Allen Parish Tourism Director Adagria Haddock, Vernon Parish Tourism Director John Crook and Beauregard Parish Tourism Director Lori Darbonne unveil their parish's Myths and Legends Scenic Byway sign Tuesday. The new 178-mile driving tour runs through Allen, Beauregard and Vernon parishes. (American Press Archives)
Last Modified: Wednesday, September 25, 2013 10:21 PM
KINDER — Tourists and locals alike driving the Myths and Legends Scenic Byway will notice new signs and kiosks marking the route.
The signs and kiosks will introduce motorists to the new 178-mile driving tour through Allen, Beauregard and Vernon parishes.
“This is a driving discovery of our parish,” Vernon Parish Tourism Director John Crook said. “People will have the opportunity to explore the rural areas, the communities, taste our food and learn our history.”
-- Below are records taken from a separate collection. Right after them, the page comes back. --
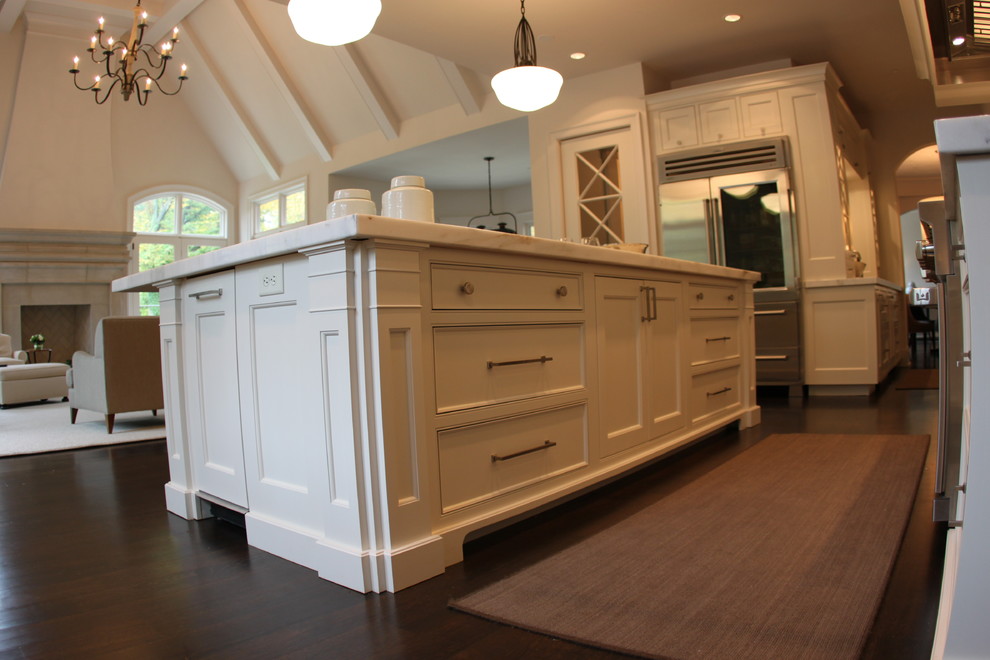 Inspiration for a transitional kitchen remodel in Indianapolis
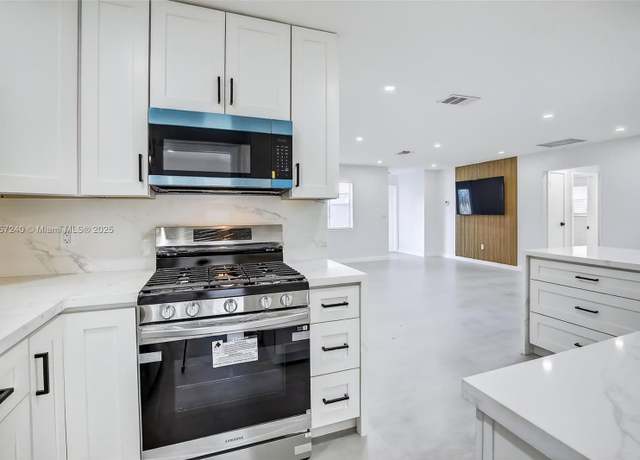 Property at 6861 NW 24th St, Sunrise, FL 33313, 5 beds, 2 baths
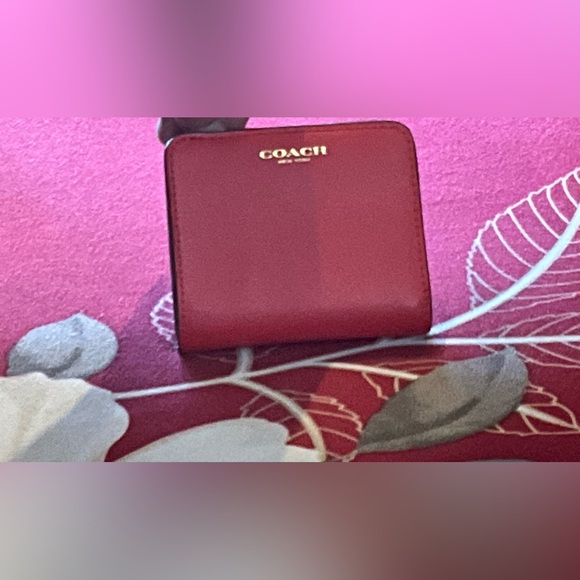 Coach red small wallet - Picture 1 of 6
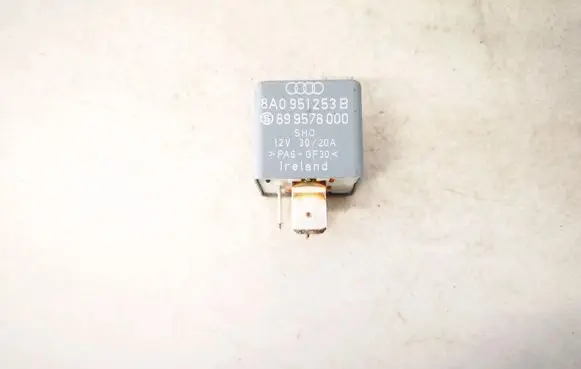 Audi A4 S4 B5 8D Other relay 8a0951253b 899578000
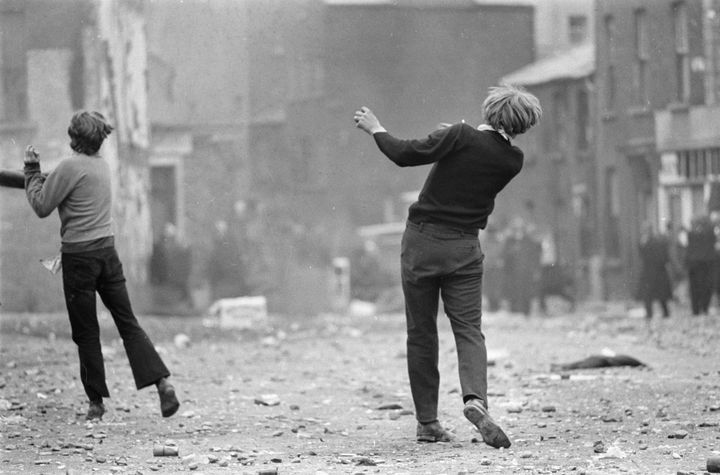 Gilles Caron, Manifestation anticatholiques à Londonderry, 1969
 (Gilles Caron / Fondation Gilles Caron / Gamma Rapho)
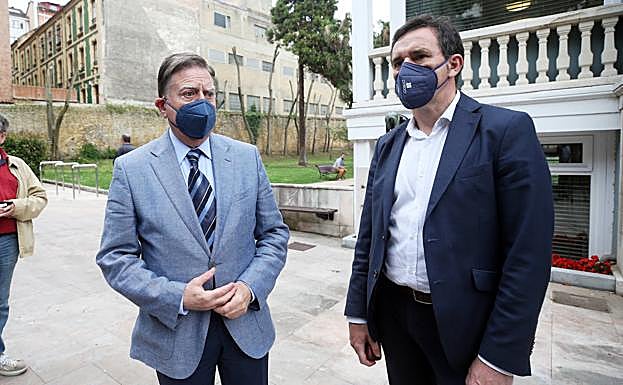 Canteli, a la juventud: «Esas fiestas multitudinarias, que las eviten, lo pido por favor»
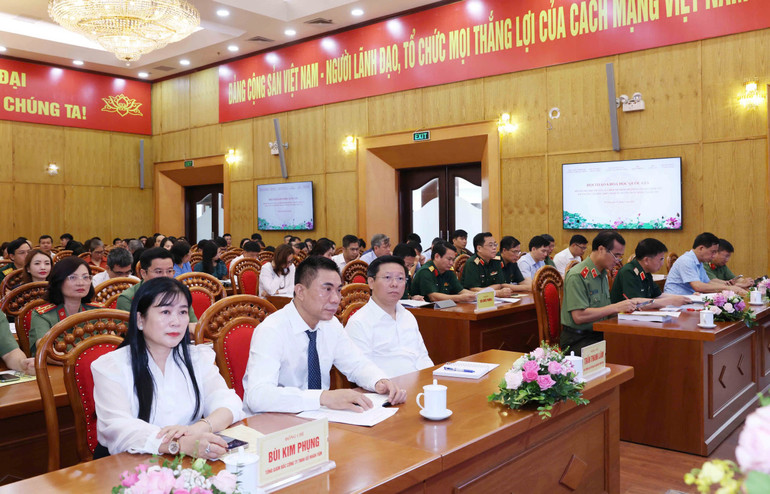 Các đại biểu dự hội thảo. (Ảnh: THẾ ĐẠI) z6839343979720-94b5ab6b1fe722cb34a44b5a4eb51105.jpg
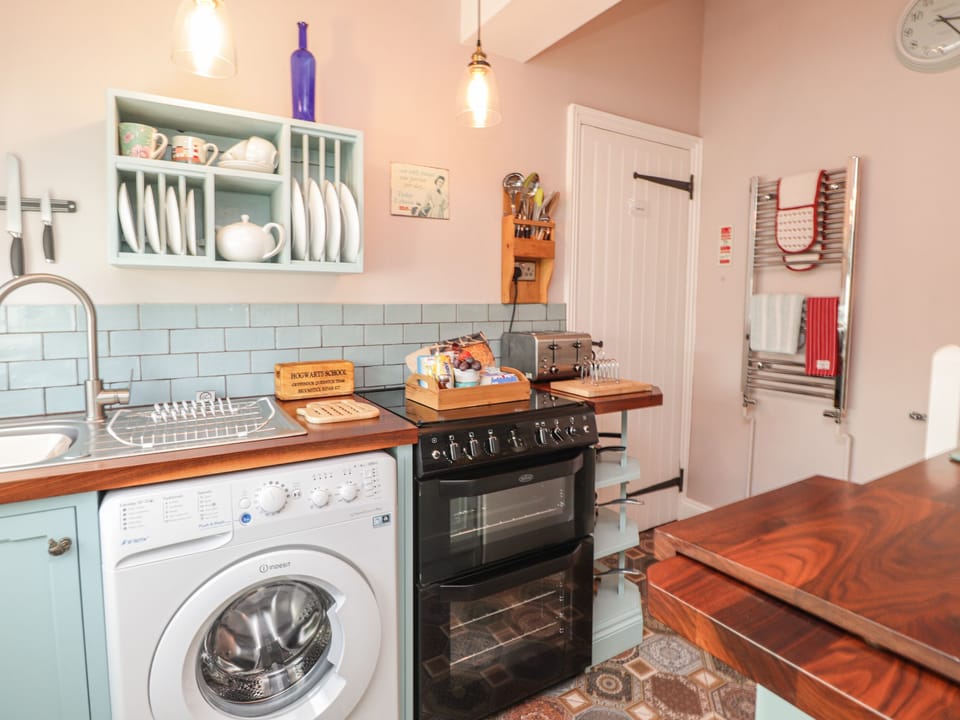 Cottage | Interior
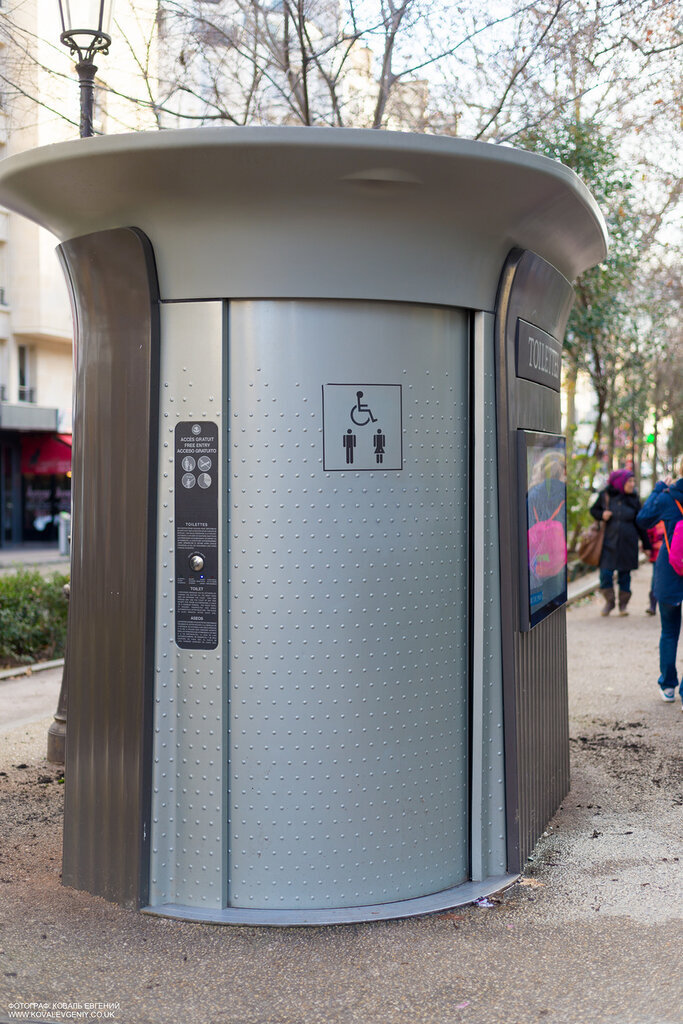 Стояли бы на каждом углу такие штуки, не надо было бы позориться и клянчить. Но нет, унижаться наша судьба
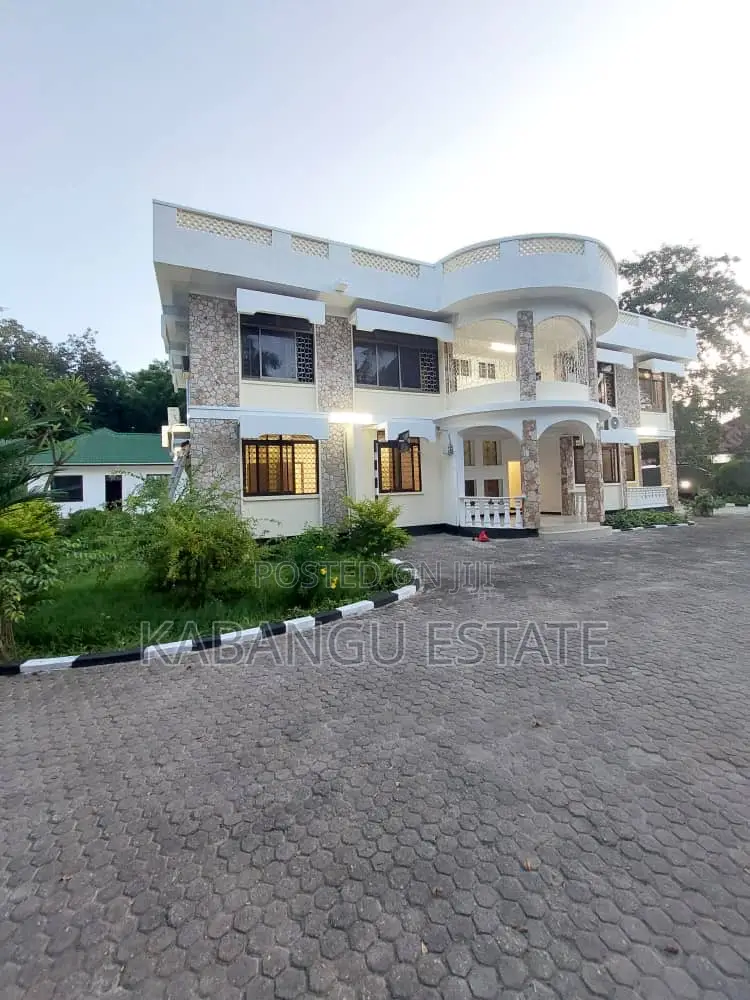 8bdrm Bungalow in Mikocheni, Kinondoni for rent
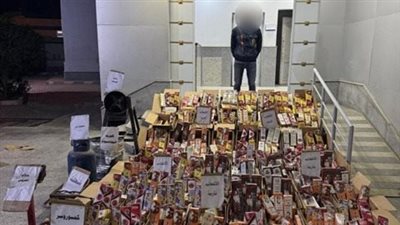 بحوزته 2 مليون قطعة.. ضبط عامل لاتهامه بإدارة ورشة لتصنيع الألعاب النارية بالفيوم 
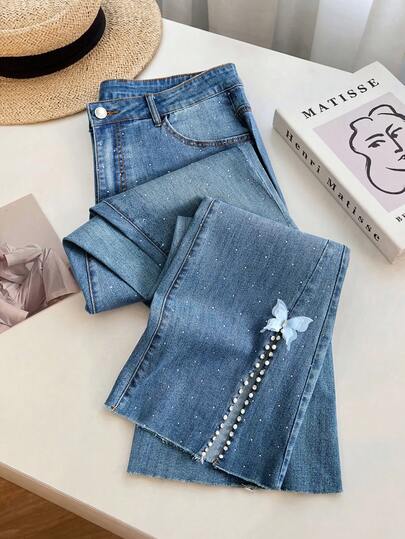 GlowEve CURVE Quần jeans nữ cỡ lớn kiểu dáng thường ngày, có túi, cúc và họa tiết bướm 3D.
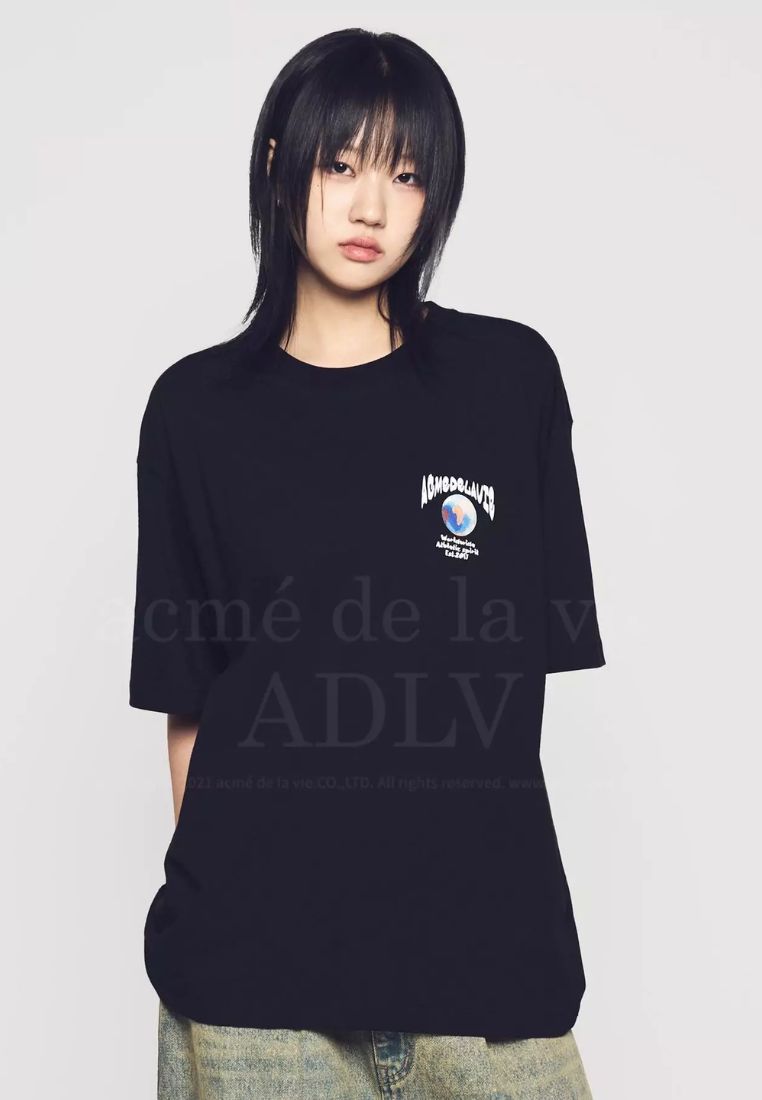 World Wide Globe Bear Artwork Short Sleeve T-Shirt Black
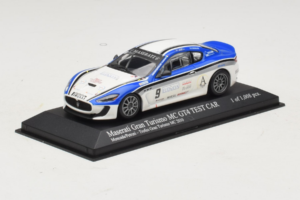 Maserati GranTurismo MC GT4 #9 Moncada / Petrini Maserati MC 2010 Minichamps 1:43 400101209 Diecast - image 2 of 5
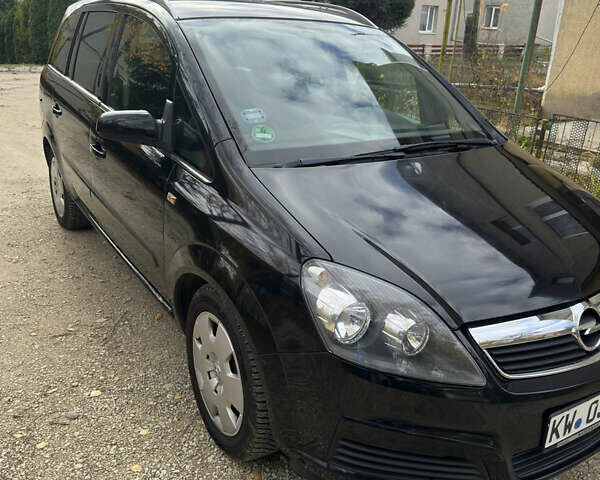 Черный Опель Зафира, объемом двигателя 1.8 л и пробегом 167 тыс. км за 5300 $, фото 4 на Automoto.ua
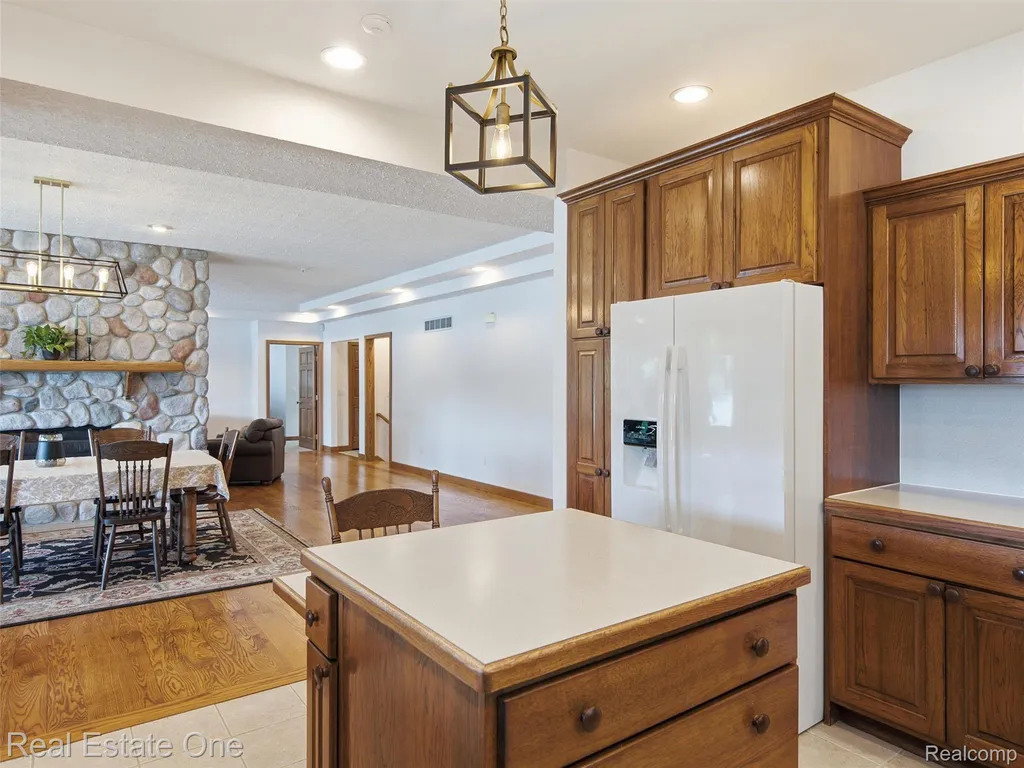 9400 Sashabaw Road Independence Charter Township MI 48348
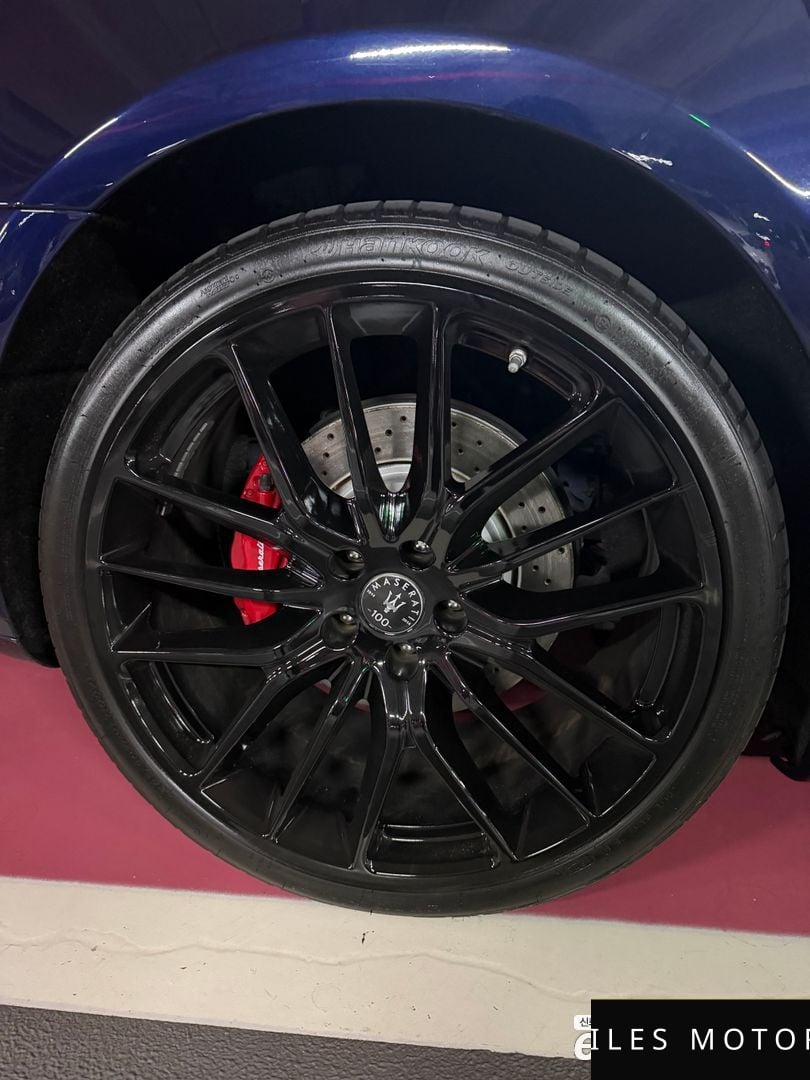 Maserati 콰트로포르테 2015 — миниатюра 5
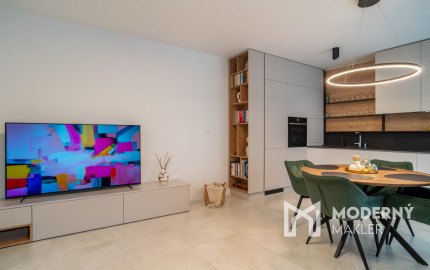 Na prenájom štýlový 3-izbový mezonet v historickom centre Trnavy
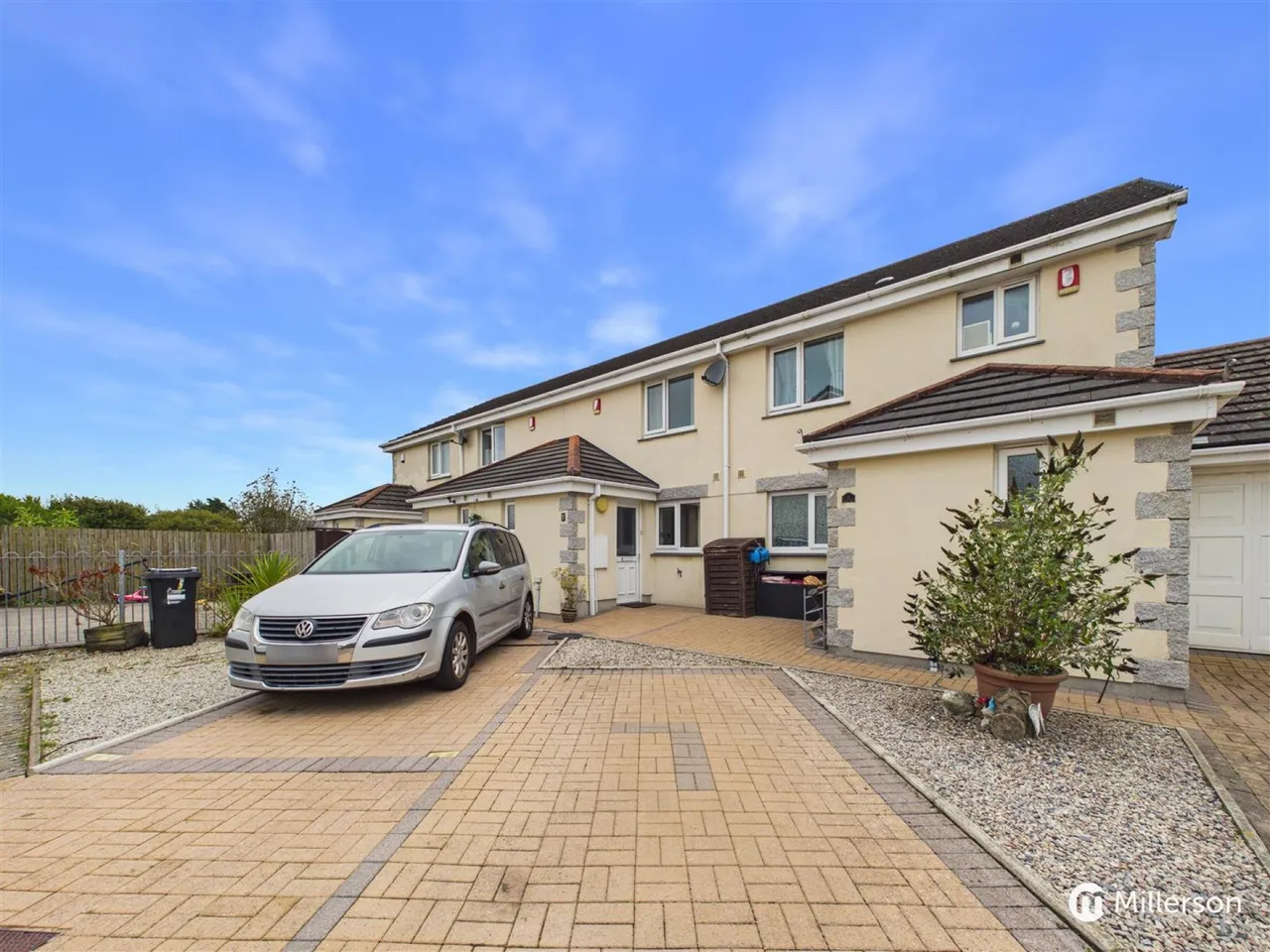 2 bed house for sale, Copper Meadows, Lanner Hill, TR15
Twenty-one pictorial kiosks placed along the route will tell the story of the Myths and Legends from the colonial days to the Great Louisiana Maneuvers, according to Allen Parish Tourism Director Adagria Haddock.
The signs were unveiled Tuesday during a Tri-Parish Board meeting in Kinder.
Crook hopes the new byway will get people to discover a part of Louisiana that “has a history as rich and important as the rest of the nation.”
Doug Bourgeois, director of the Louisiana Byways Collection, said the state is a destination people want to seek out and discover more about.
“Every part of the state’s 17 byways have a story to tell, and each is unique to the area,” Bourgeois said. “Louisiana is full of stories, and there is so much here to discover.
“Sometimes we don’t know our own stories, and they are in our own backyard,” he continued. “The byway will help tell those stories.”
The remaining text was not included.